What is a shoulder labral tear or strain?
A shoulder labral tear or strain is an injury to the rim of the shoulder socket. The labral helps keep the ball of the joint in place.
Types of shoulder labral tear or strain
Labrum torn completely off bone
When the cartilage is torn completely off the bone, it is often in conjunction with a shoulder dislocation. Some patients may not even realize their shoulder has slid out of the socket.
Labrum partial tearing
The edges of the labrum may fray so they are not smooth. These types of shoulder labral tears may not cause symptoms.
SLAP lesion, superior labrum, anterior (front) to posterior (back)
A SLAP lesion is a tear of the rim above the middle of the socket that may involve the biceps.
Causes of shoulder labral tear or strain
Shoulder labral tears can be caused by direct injuries or overuse. By far, the most common cause of a shoulder labral tear is a sports-related injury.
Causes can include:
- Falling on an outstretched hand
- Participating in direct contact sports such as football or basketball
- Wear and tear from overuse, potentially from sports that require repetitive movements
- Natural aging process
Risk factors for shoulder labral tear or strain
- Age — people over 40 are at higher risk for a shoulder labral tear.
- Sports that require repetitive movements — participating in sports that require repetitive overhead movements (swimming, weightlifting, softball or baseball) put you at higher risk for developing a shoulder labral tear.
Symptoms of shoulder labral tear or strain
Symptoms of a shoulder labral tear or strain include:
- Pain when moving your arm above your head
- Instability in the shoulder
- Feeling of catching, popping, grinding or locking in the shoulder
- Decreased range of motion
- Loss of strength
Diagnosis of shoulder labral tear or strain
A shoulder labral tear or strain is challenging to diagnose.

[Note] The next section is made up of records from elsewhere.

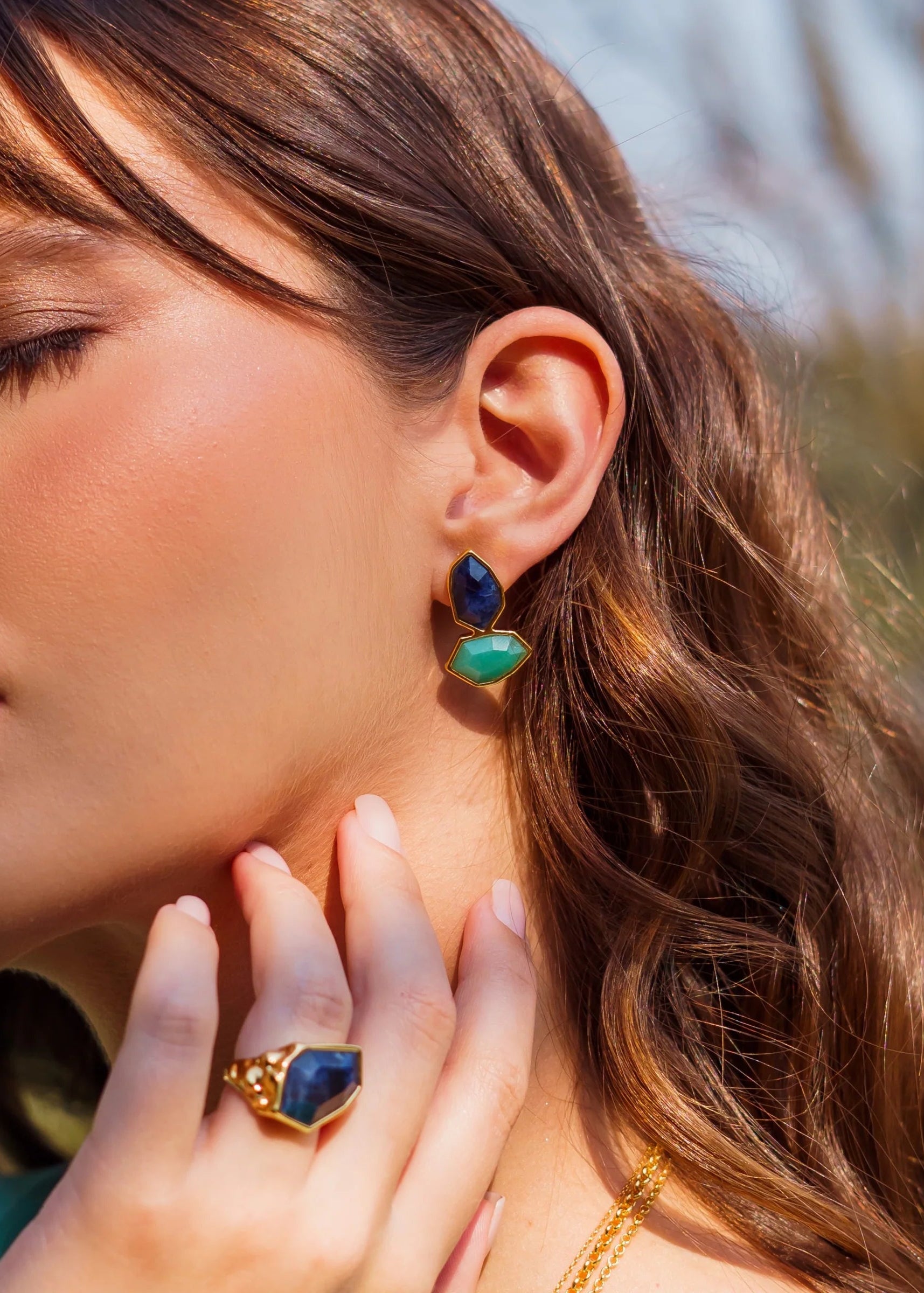 Close-up of a woman wearing blue and green earrings and a matching ring outdoors.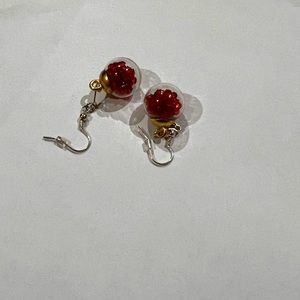 hand-made earrings by a 10 years old girl.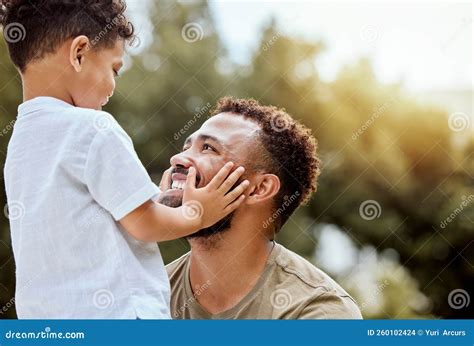 Dad Boy Touch Face In Outdoor Park Or Backyard For Summer Bonding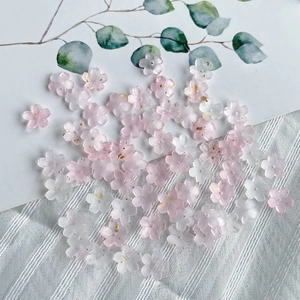 Detail of pink and white gradient resin cherry blossom beads with golden glitter center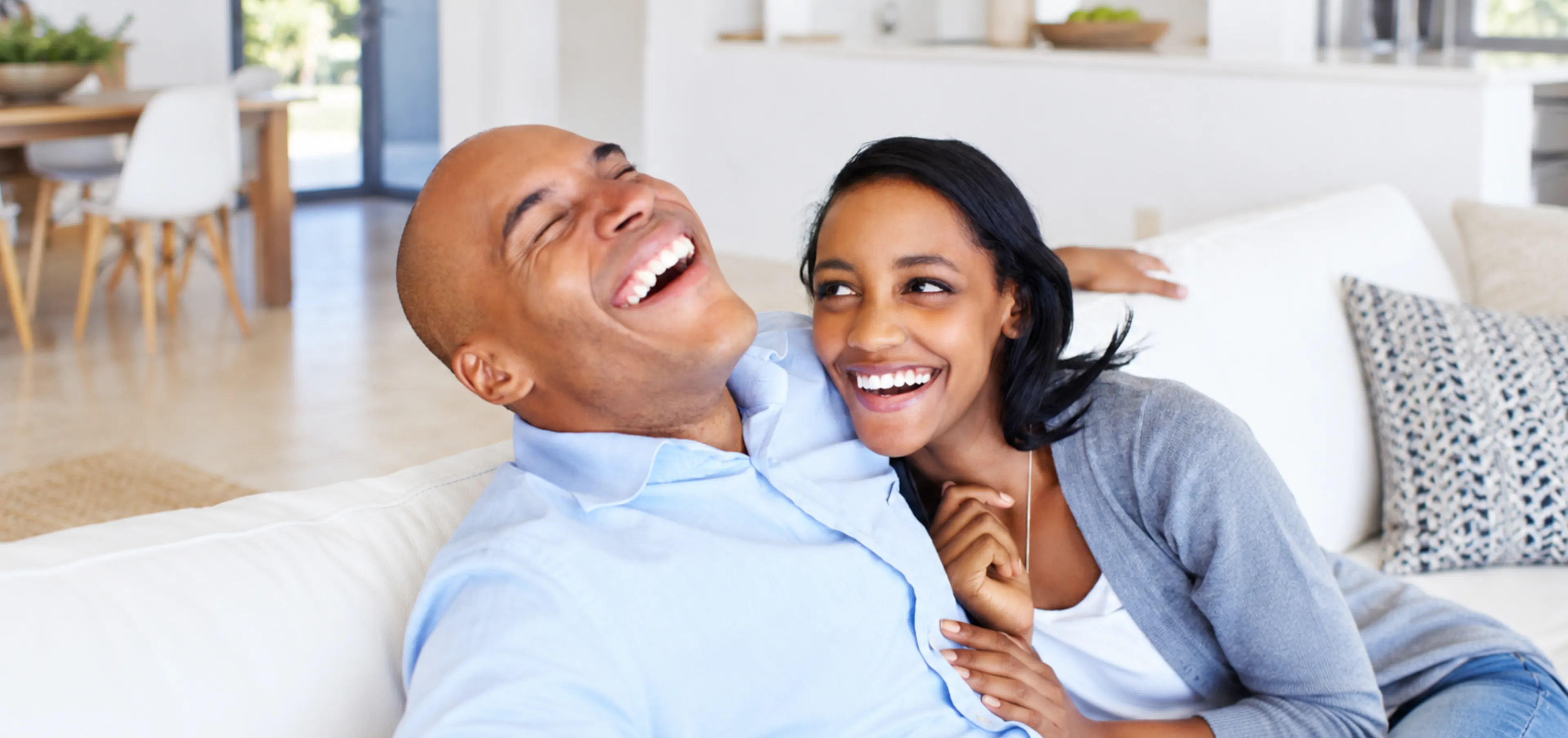 Happy couple laughing together on a white couch at home, sharing a lighthearted moment of connection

Your doctor will need to perform a physical exam with your doctor, take your medical history and perform diagnostic testing to truly understand the severity of the condition.
Your doctor will perform a variety of physical tests to evaluate your shoulder range of motion, pain level and stability in the shoulder joint.
Your doctor may perform the following diagnostic tests:
- X-ray — your physician may also order an x-ray to see if there are other conditions that are causing your symptoms.
- MRI or CT scans — these tests can show abnormalities in the soft tissues but may not be able to confirm a shoulder labral tear diagnosis.
- Arthroscopic surgery — arthroscopic surgery may be the best way to diagnose a shoulder labral tear.
Treatment of shoulder labral tear or strain
For mild to moderate shoulder labral tears or strains, your doctor may prescribe anti-inflammatory medication and rest. He or she may also recommend physical therapy to strengthen the rotator cuff muscles in the shoulder.
If nonsurgical therapies are not effective, your physician may recommend more advanced therapies such as PRP injection or arthroscopy.
- Plasma rich protein (PRP) injection — a PRP injection can promote healing by injecting concentrated growth factors from your own blood into the torn tendon.
- Arthroscopic surgery - during surgery, your orthopedic surgeon will examine other muscles around the shoulder, including the biceps tendon, to determine if the injury occurred on the rim and remove the torn flap and correct any problems.
Recovery from shoulder labral tear or strain
After a surgical repair for a shoulder labral tear, you will need to keep your shoulder stabilized in a sling for three to four weeks. Your physical therapist will also develop a treatment plan that will include pain-free range of motion exercises.
As you gain strength and you no longer need the sling, your physical therapist will increase the intensity of your rehabilitation program. Many athletes can return to their sport within six to eight weeks following surgery. It is important to gradually return to your sport; it will take three to four months for the shoulder to fully heal.
Recovery from PRP therapy is quicker, so you can return to your activities sooner. You will feel sore, and the shoulder tendon may be inflamed for a few days. But, you will start experiencing pain relief within a week. Healing may take four to six weeks.